Shiriri Saga #60. Sailing in Thin Water.

Kingfisher Lodge. Fraser Island.

If we were on edge sailing up to the sandy shores of Australia in what seemed like frighteningly shallow water (30 Feet deep) after the ocean depths, then squirming down Sandy Strait has our eyes on the depth finder as we dodge from buoy to buoy along the channel between the mainland and Fraser Island. When we reach Kingfisher Resort and our anchor goes down at the end of the day we heave a sigh of relief. After dark, two more yachts arrive and make a lot of noise as they circle and shout back and forth. Pony of Rassamond, in the center of it all, is not one to suffer in silence. " Go away! You`ve woken me up!" Do not tangle with an ex London bobby!
Ashore the next morning, we walk up a boardwalk from the beach to the resort through a eucalypt forest.
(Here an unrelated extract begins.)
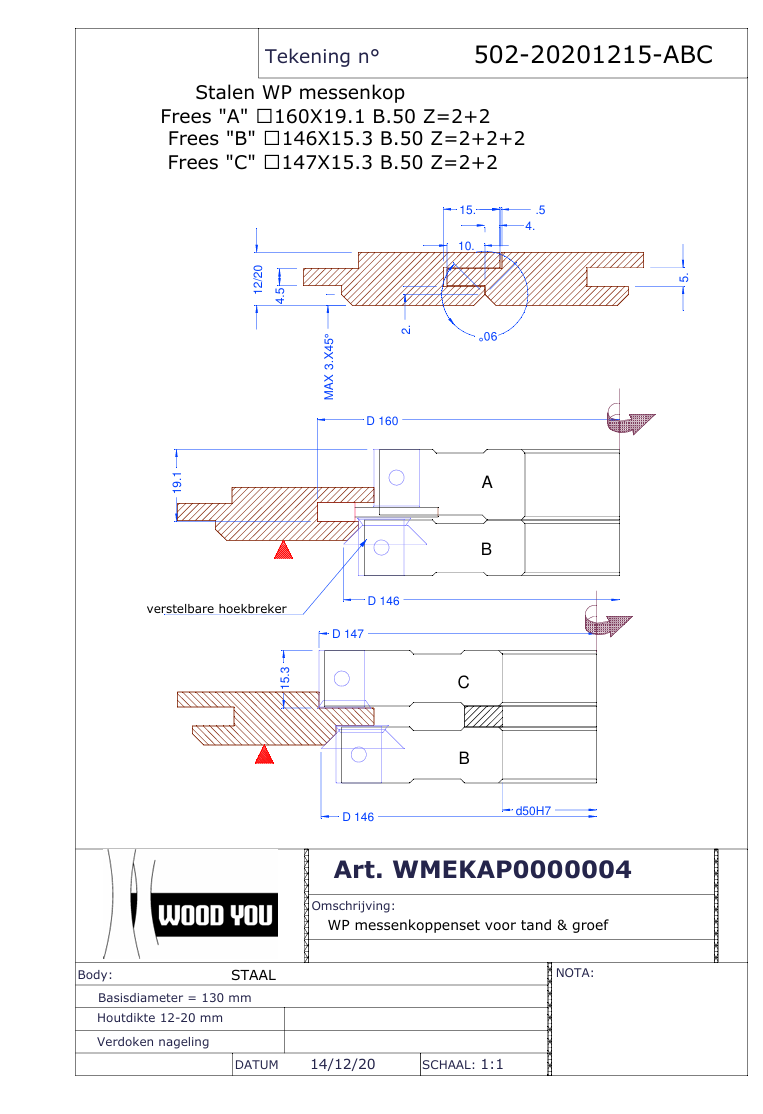 Tand en groef messenkopset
There are no farm fields here, no flocks of people, and we can look and listen to the natural sounds of this new continent. Trees we do not know, bird calls we can not identify.... this is terrific! We stop at the little resort store and buy half a dozen eggs for $ 2.50. Ouch! -there are some problems with the wilderness. We buy Heather a tee-shirt with a dingo on the front, one of the Fraser Island attractions.
The dingo is the wild dog of Australia and arrived thousands of years ago with the first Aboriginal peoples who had migrated here from out of Africa.
The dingo is a mixed blessing. While it`s nice to have a wild population on the island, they are wild and do not mix well with campers with food supplies and children. There have been attacks on people and reprisals by the park staff. We are looking at a variation of our pacific island experiences and are back on the interface between competing groups and priorities - in this case the use of a park for recreation competing with leaving a wild population of other creatures completely alone to pursue their own destiny. It`s complicated; the dingo and the aboriginal peoples have, over time, themselves impacted the Australian flora and fauna. How many species of plants and animals have disappeared since their arrival? If all humans were kept off the island, would they care to maintain it`s status if it had no human value? On this sandy island we have met a big philosophical problem. Do things have intrinsic worth outside of our human oriented world view?
Of course we would say yes, but we have just come out of the ocean wilderness where we have been mere fly specks of humanity within an immense world of life going about it`s affairs. We are still mentally in that apart world and cherish that perspective even as we feel alienated still from our own tribe. What we do know, is that these interfaces between different human populations and between humans and the rest of the natural world are a place where change is happening and that makes it a very interesting place to be. The world has always been in a dynamic balance of constant change and adjustment. That`s how it was formed and it is no wonder if that is still how it behaves.

As we gradually adjust to Australia, we are ourselves swept up in this current of change and adjustment. The pain of the alienation we feel tells us we are alive and a vital part of the world.